The teacher must be pre-trained separately (though cheaply), adding a step compared to end-to-end methods; the total compute advantage depends on the empirical conclusion that the teacher can be trained briefly.
Evaluations focus on frozen backbone + attentive probing; the superiority of static teachers under full fine-tuning and their generalization to non-video modalities require further validation.

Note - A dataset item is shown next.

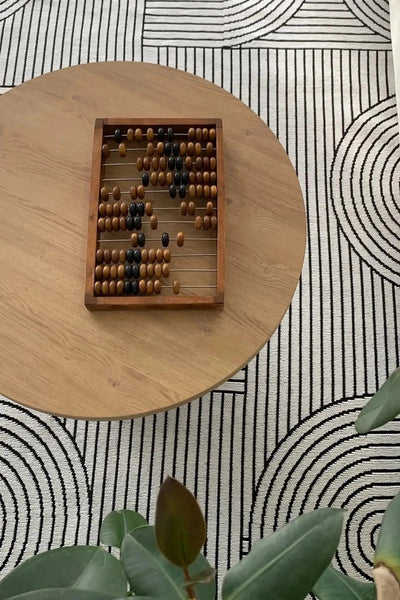 BOHEM DESEN YIKANABİLİR BEYAZ ŞÖNİL KİLİM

vs V-JEPA / V-JEPA 2: These use online/momentum EMA teachers which require stop-gradients and yield unreadable losses; SALT uses frozen teachers, removes EMA, provides readable losses, allows architecture heterogeneity, and outperforms them on frozen evaluations.
vs VideoMAE: Both use pixel reconstruction for the teacher, but VideoMAE uses random-tube masking, whereas SALT’s V-Pixel uses multi-block masking and finds it superior.
vs MVD / UnMasked Teacher / VideoPrism: These typically assume the need for a very strong pre-trained teacher and often require student fine-tuning for effects to show; SALT reveals the opposite "weak teacher, strong student" effect under fair comparisons.

Rating¶

Novelty: ⭐⭐⭐⭐ Not entirely new components, but the systematic demonstration of "frozen teacher + weak teacher/strong student" overturns common JEPA assumptions.
Experimental Thoroughness: ⭐⭐⭐⭐⭐ Comprehensive benchmarks, multi-scale models, and full ablations on data/masking/size/compute.
Writing Quality: ⭐⭐⭐⭐ Clear motivation and actionable conclusions; some figure details reside in the appendix.
Value: ⭐⭐⭐⭐⭐ Provides a simpler, compute-efficient, and interpretable recipe for video SSL with direct budget allocation advice.